● DATA SEGMENT
________________________

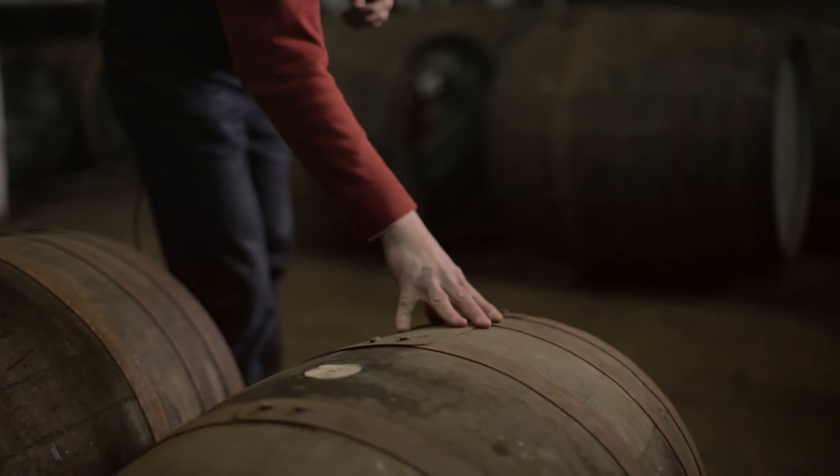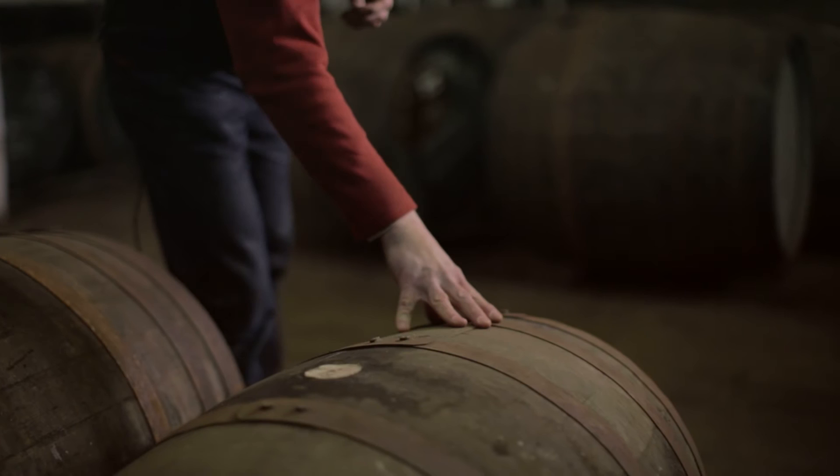I've got here an American Oak Hogshead, approximately 250 litres — the most common cask you find in Scotch whisky warehouses today — and I've got a Sherry Butt, approximately 500 litres.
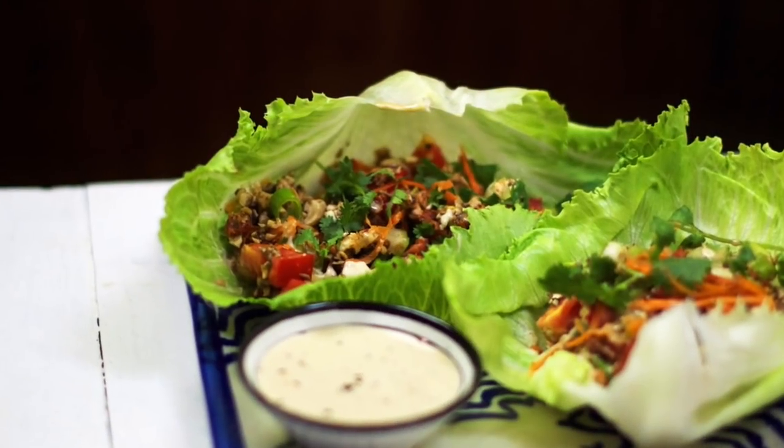Hi everyone and welcome to another video. Today I am in the kitchen and I'm bringing you a raw san chiao bao recipe. This recipe is so easy to make and it is chock full of nutrition and flavor. I'm really excited to share this with you guys today, so let's get started.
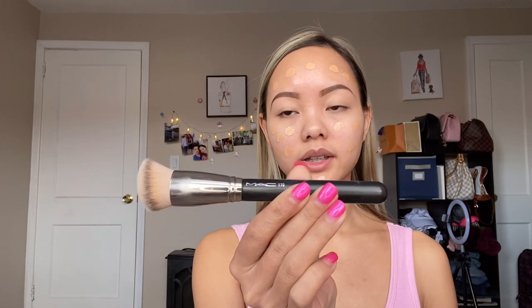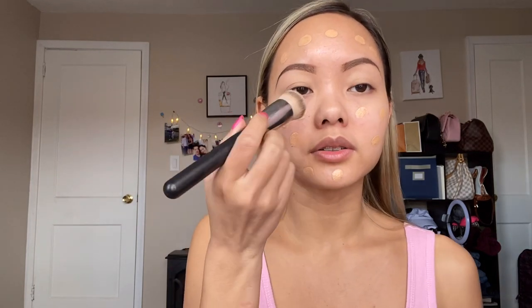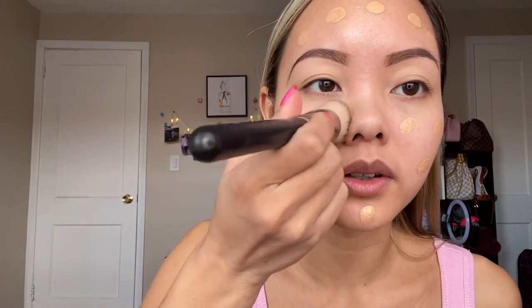Now, if I feel like I squirted too much, this is what I do: I just rub it underneath my neck, so I don't waste anything and actually get the neck as well. The foundation brush that I am using is MAC 170. So I'm going to go in and smooth all this out.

________________________

● PROBLEM STATEMENT
Would you write out all of the data exactly as it stands, without the pictures?

● WRITTEN ANSWER
I've got here an American Oak Hogshead, approximately 250 litres — the most common cask you find in Scotch whisky warehouses today — and I've got a Sherry Butt, approximately 500 litres.
Hi everyone and welcome to another video. Today I am in the kitchen and I'm bringing you a raw san chiao bao recipe. This recipe is so easy to make and it is chock full of nutrition and flavor. I'm really excited to share this with you guys today, so let's get started.
Now, if I feel like I squirted too much, this is what I do: I just rub it underneath my neck, so I don't waste anything and actually get the neck as well. The foundation brush that I am using is MAC 170. So I'm going to go in and smooth all this out.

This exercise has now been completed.